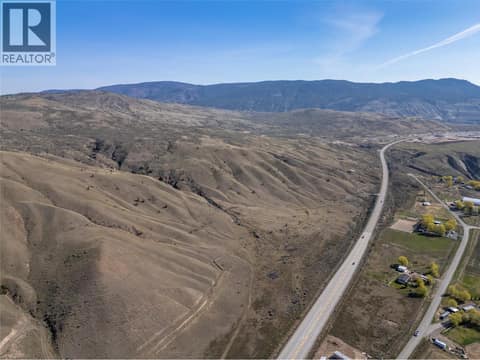 Photo 6 of Lot A TRANS CANADA Highway, Cherry Creek/Savona, Kamloops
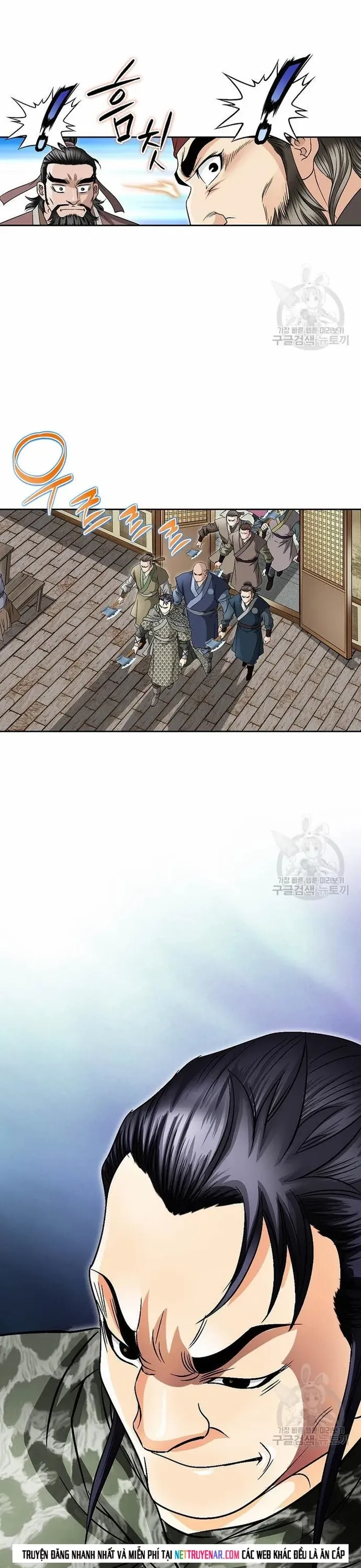 Chiến Binh Vô Song Chap 22 - Next Chap 23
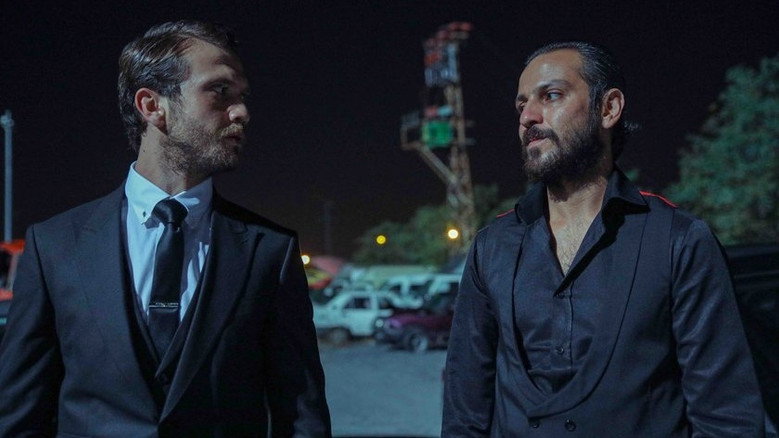 Still from Çukur - Season 4 Episode 4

(Exercise instructions) Where the material above includes pictures, omit them and retype everything else exactly.

(Result below)
 Photo 6 of Lot A TRANS CANADA Highway, Cherry Creek/Savona, Kamloops
 Chiến Binh Vô Song Chap 22 - Next Chap 23
 Still from Çukur - Season 4 Episode 4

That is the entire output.